Between the time of the siege and the declaration of the final destruction of Jerusalem the book of Ezekiel proclaims YHWH’s judgment upon the nations: Ammon, Moab, Edom, and Philistia (Ezekiel 25:1-17), Tyre and its princes with lament (Ezekiel 26:1-28:23), hope for ingathering of Israel (Ezekiel 28:24-26), and Egypt and Pharaoh with lament (Ezekiel 29:1-32:32).

The rest of the book of Ezekiel provides YHWH’s messages through Ezekiel in the wake of the destruction of Jerusalem (Ezekiel 33:1-48:35). News comes that Jerusalem has been destroyed; Ezekiel can again speak; the shepherds of Israel are condemned (Ezekiel 33:1-34:24). YHWH then begins to extend hope for Israel: a covenant of peace; condemnation of Edom; future restoration of the exiles to the mountains of Israel; YHWH is concerned for His name, its holiness, refused to have it profaned any longer, but will restore Israel again (Ezekiel 34:25-36:38). The restoration of Israel is promised in the vision of the valley of dry bones (Ezekiel 37:1-28). Ezekiel then prophesies against Gog and Magog, northern invaders who cannot stand against God’s people (Ezekiel 38:1-39:29). The book of Ezekiel ends with a view of the restoration of God’s people in idealized terms: an ideal Temple filled with the glory of YHWH, an ideal Davidic prince, ideal sacrifices and feasts, and idealized land divisions (Ezekiel 40:1-48:35).

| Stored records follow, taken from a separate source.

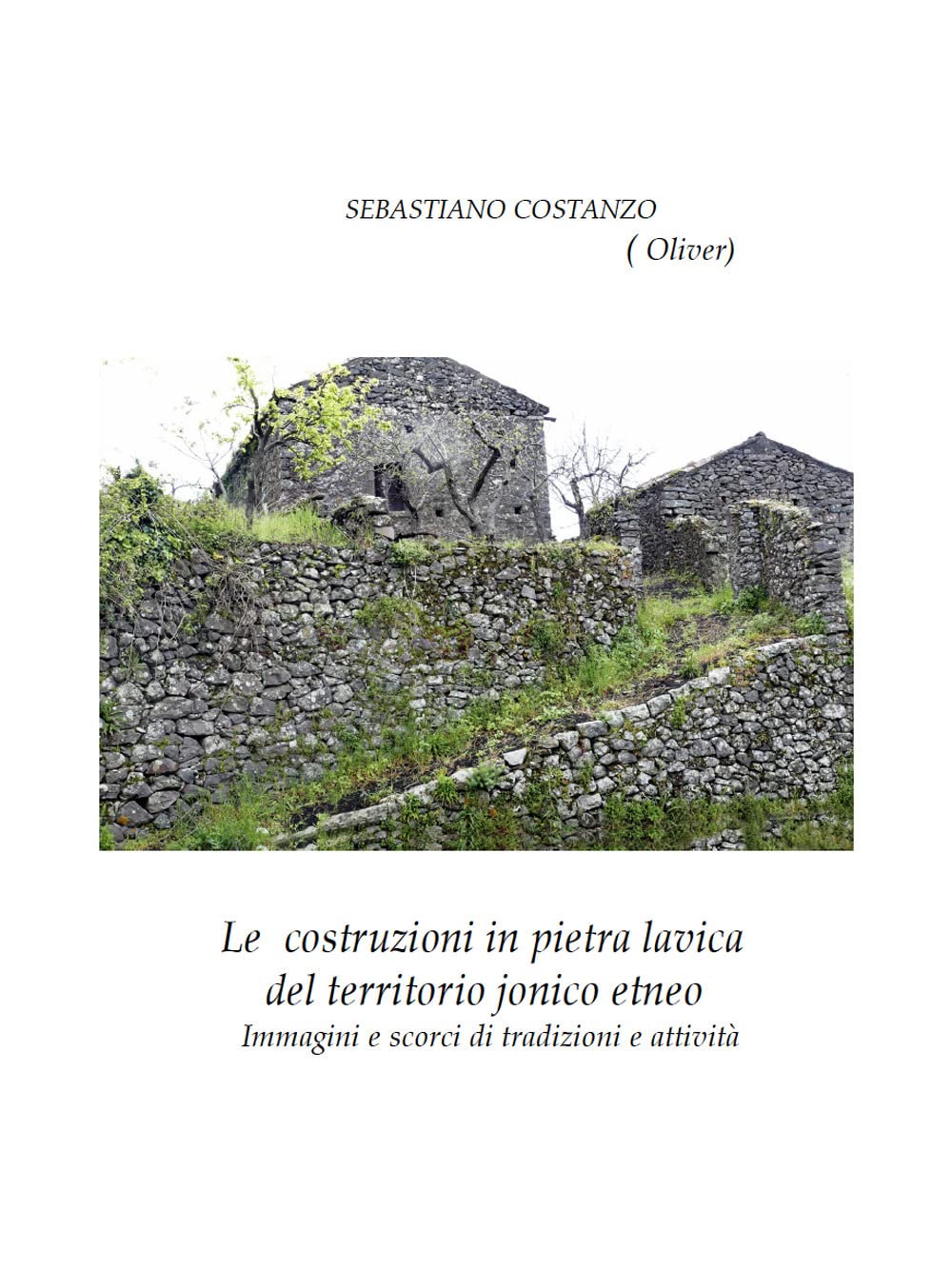 Le costruzioni in pietra lavica del territorio jonico etneo. Immagini e scorci di tradizioni e attività Books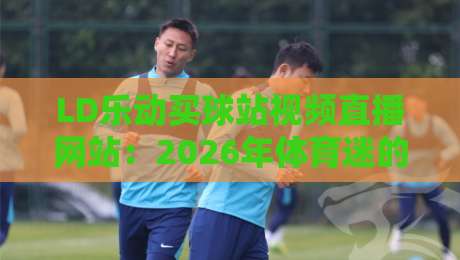 LD乐动买球站视频直播网站:2026年体育迷的宝藏平台
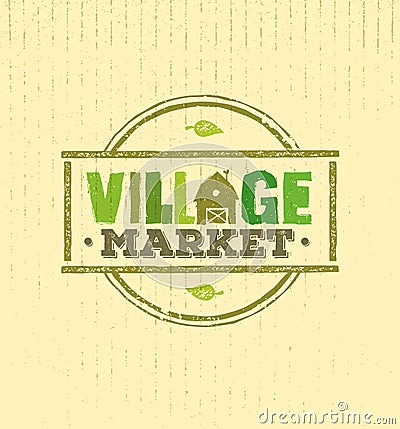 Village Market Rough Stamp Vector Concept. Local Food Sign Illustration On Craft Paper Background. Vector Illustration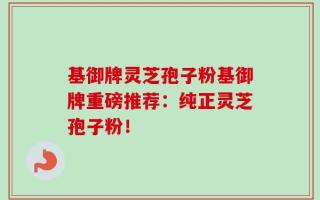 基御牌灵芝孢子粉基御牌重磅推荐：纯正灵芝孢子粉！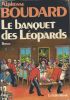 Le banquet des Léopards. BOUDARD Alphonse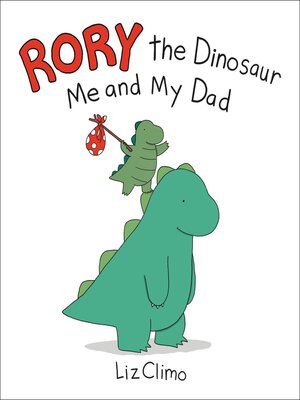 cover image of Rory the Dinosaur--Me and My Dad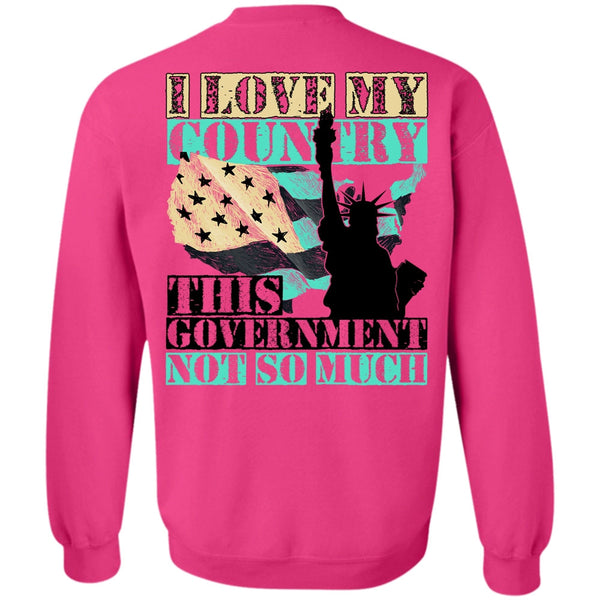 I Love Veteran T Shirt, I Love My Country Sweatshirt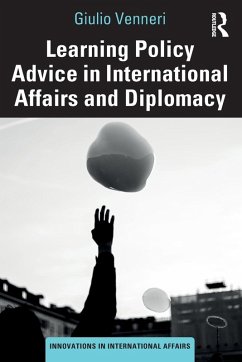 Learning Policy Advice in International Affairs and Diplomacy Cover Learning Policy Advice in International Affairs and Diplomacy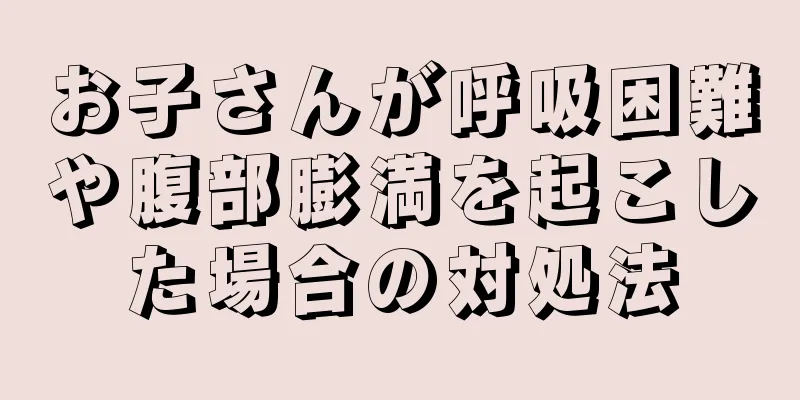 お子さんが呼吸困難や腹部膨満を起こした場合の対処法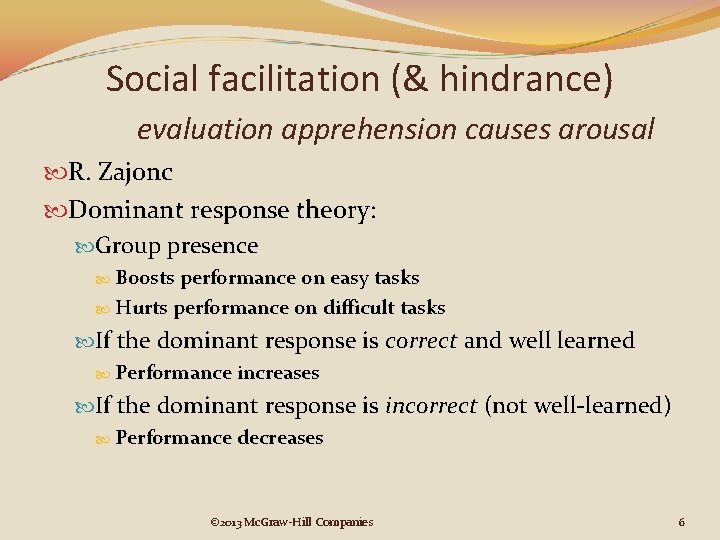 Social facilitation (& hindrance) evaluation apprehension causes arousal R. Zajonc Dominant response theory: Group Social facilitation (& hindrance) evaluation apprehension causes arousal R. Zajonc Dominant response theory: Group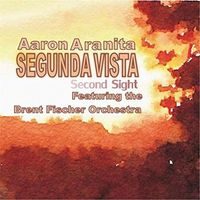 Segunda Vista by Aaron Aranita and the Brent Fischer Orchestra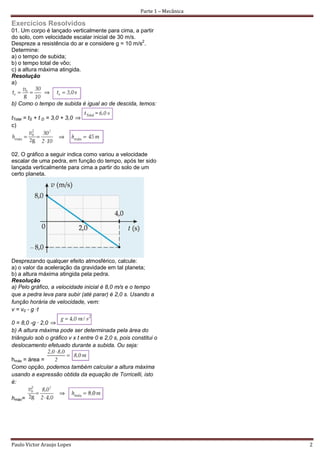 Parte 1 – Mecânica

Exercícios Resolvidos
01. Um corpo é lançado verticalmente para cima, a partir
do solo, com velocidade escalar inicial de 30 m/s.
Despreze a resistência do ar e considere g = 10 m/s2.
Determine:
a) o tempo de subida;
b) o tempo total de vôo;
c) a altura máxima atingida.
Resolução
a)


b) Como o tempo de subida é igual ao de descida, temos:

tTotal = tS + t D = 3,0 + 3,0
c)




02. O gráfico a seguir indica como variou a velocidade
escalar de uma pedra, em função do tempo, após ter sido
lançada verticalmente para cima a partir do solo de um
certo planeta.




Desprezando qualquer efeito atmosférico, calcule:
a) o valor da aceleração da gravidade em tal planeta;
b) a altura máxima atingida pela pedra.
Resolução
a) Pelo gráfico, a velocidade inicial é 8,0 m/s e o tempo
que a pedra leva para subir (até parar) é 2,0 s. Usando a
função horária de velocidade, vem:
v = v0 - g ·t

0 = 8,0 -g · 2,0
b) A altura máxima pode ser determinada pela área do
triângulo sob o gráfico v x t entre 0 e 2,0 s, pois constitui o
deslocamento efetuado durante a subida. Ou seja:

hmáx = área =
Como opção, podemos também calcular a altura máxima
usando a expressão obtida da equação de Torricelli, isto
é:

hmáx=




Paulo Victor Araujo Lopes                                                   2
 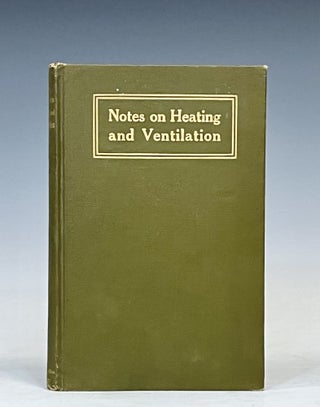 Item #16750 Notes on Heating and Ventilation. John R. Allen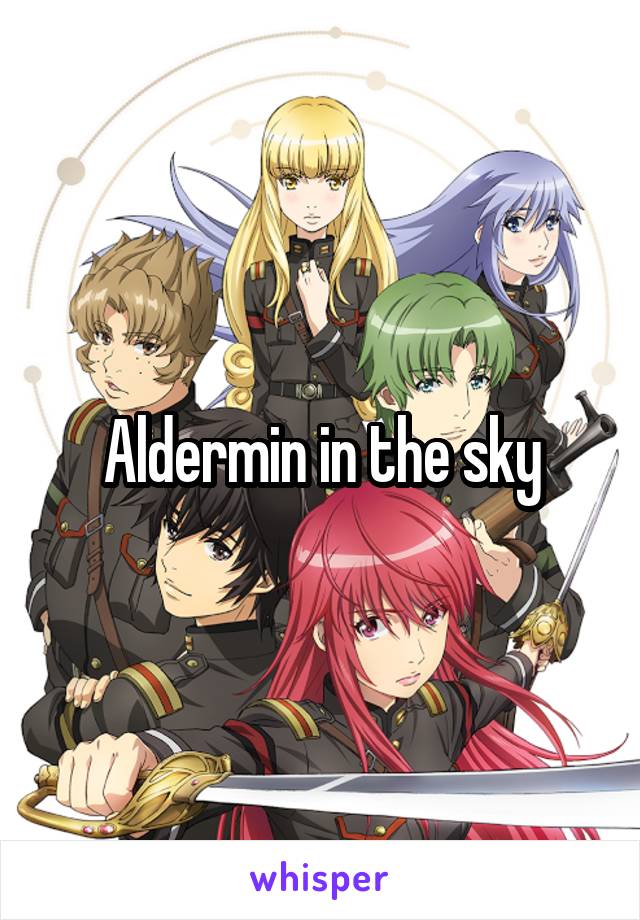 Aldermin in the sky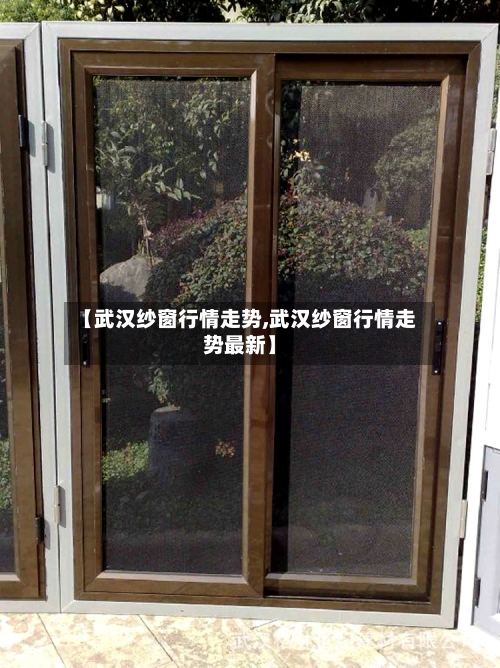 【武汉纱窗行情走势,武汉纱窗行情走势最新】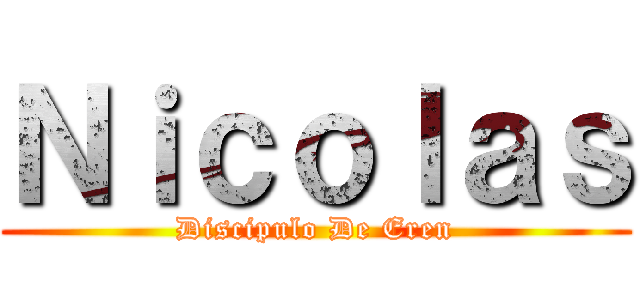 Ｎｉｃｏｌａｓ (Discipulo De Eren)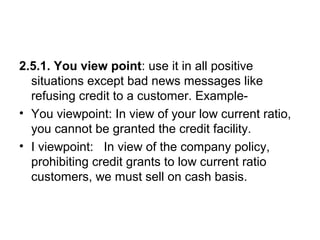 2.5.1. You view point: use it in all positive
situations except bad news messages like
refusing credit to a customer. Example-
• You viewpoint: In view of your low current ratio,
you cannot be granted the credit facility.
• I viewpoint: In view of the company policy,
prohibiting credit grants to low current ratio
customers, we must sell on cash basis.
 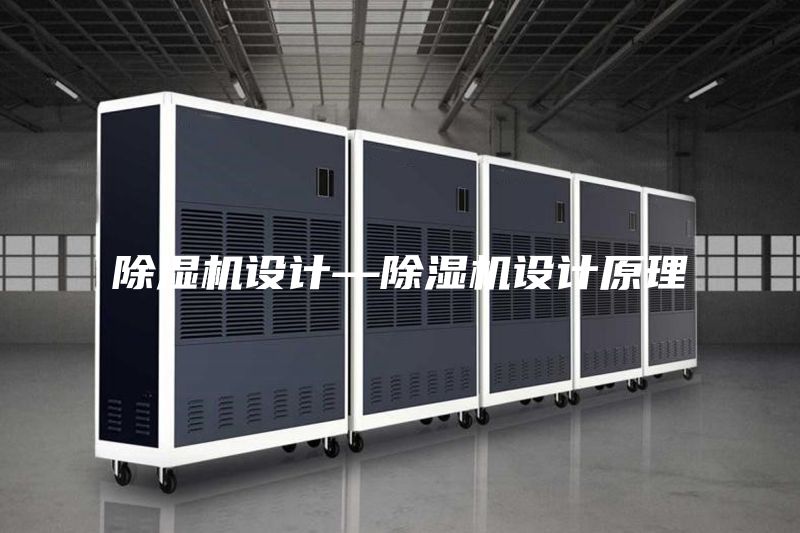 除濕機設(shè)計—除濕機設(shè)計原理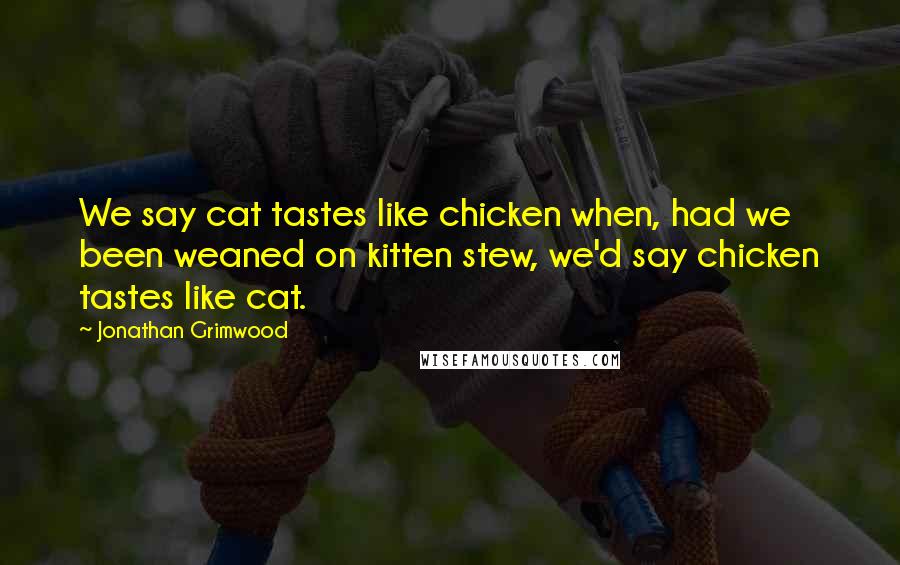 Jonathan Grimwood Quotes: We say cat tastes like chicken when, had we been weaned on kitten stew, we'd say chicken tastes like cat.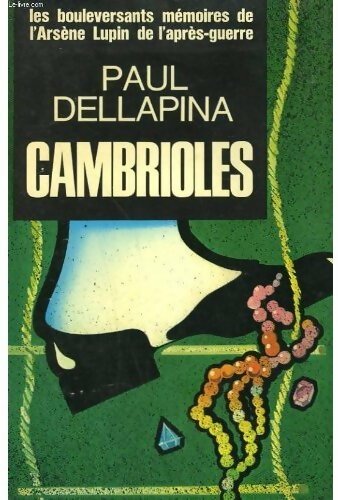 Livrenpoche : Cambrioles - Paul Dellapina - Livre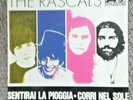 The RASCALS 45 'A Beautiful Morning / Rainy Day' sung in Italian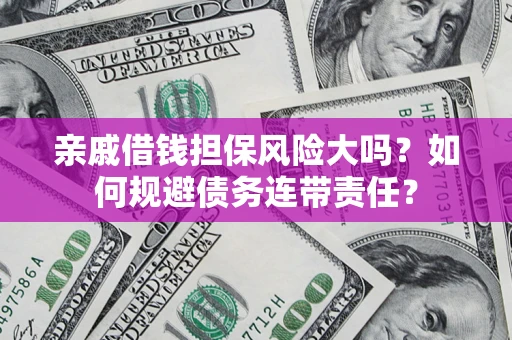 济南亲戚借钱担保风险大吗？如何规避债务连带责任？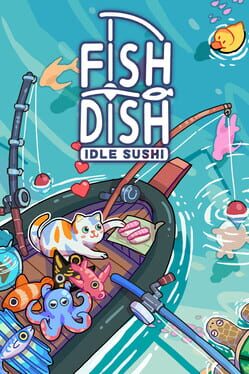 Cover of Fish to Dish: Idle Sushi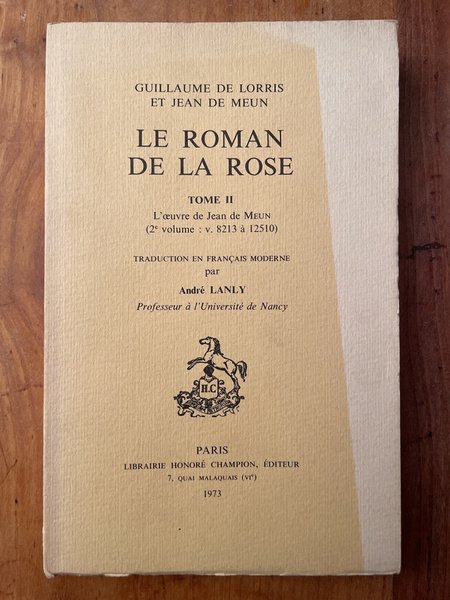 Le roman de la Rose Tome II (2è volume v.8213 …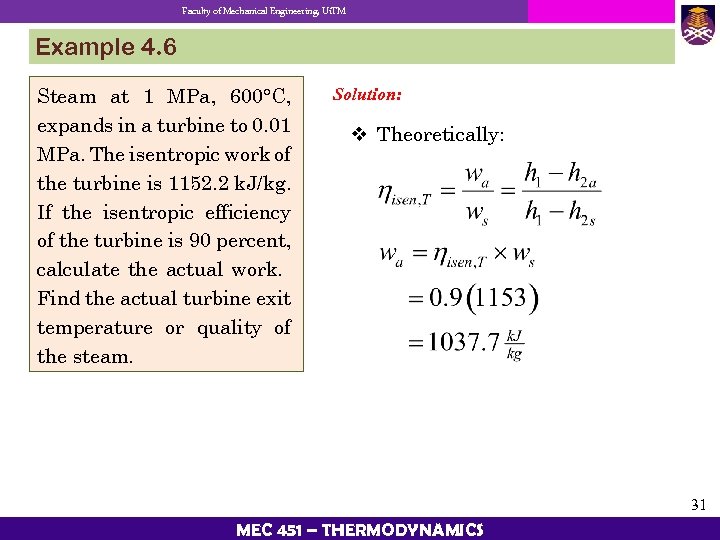 Faculty of Mechanical Engineering, Ui. TM Example 4. 6 Steam at 1 MPa, 600°C,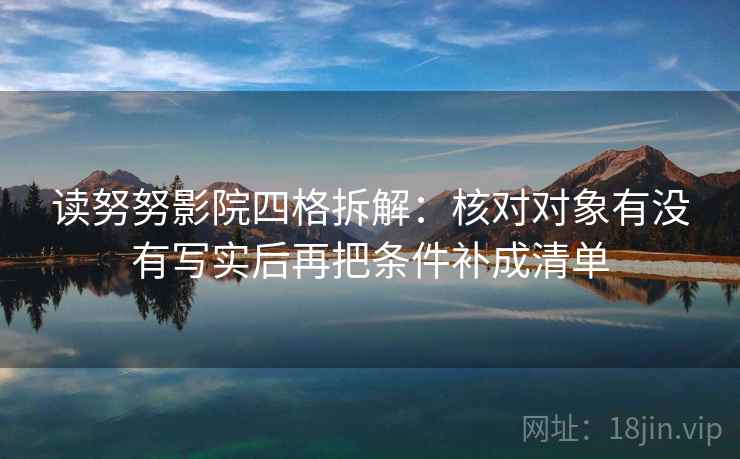 读努努影院四格拆解:核对对象有没有写实后再把条件补成清单 读努努影院四格拆解:核对对象有没有写实后再把条件补成清单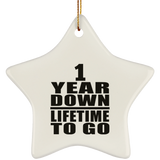 1st Anniversary 1 Year Down Lifetime To Go - Star Ornament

Ezekiel tells the story well. Israel profaned the name of God through idolatry, violence, and oppression; God brought His judgment against them because of it. Yet God loves His people and will act to restore them and to establish an ideal Kingdom for His holy name. Let us praise God for such a Kingdom as provided through His Son Jesus, and strive to reflect His holiness!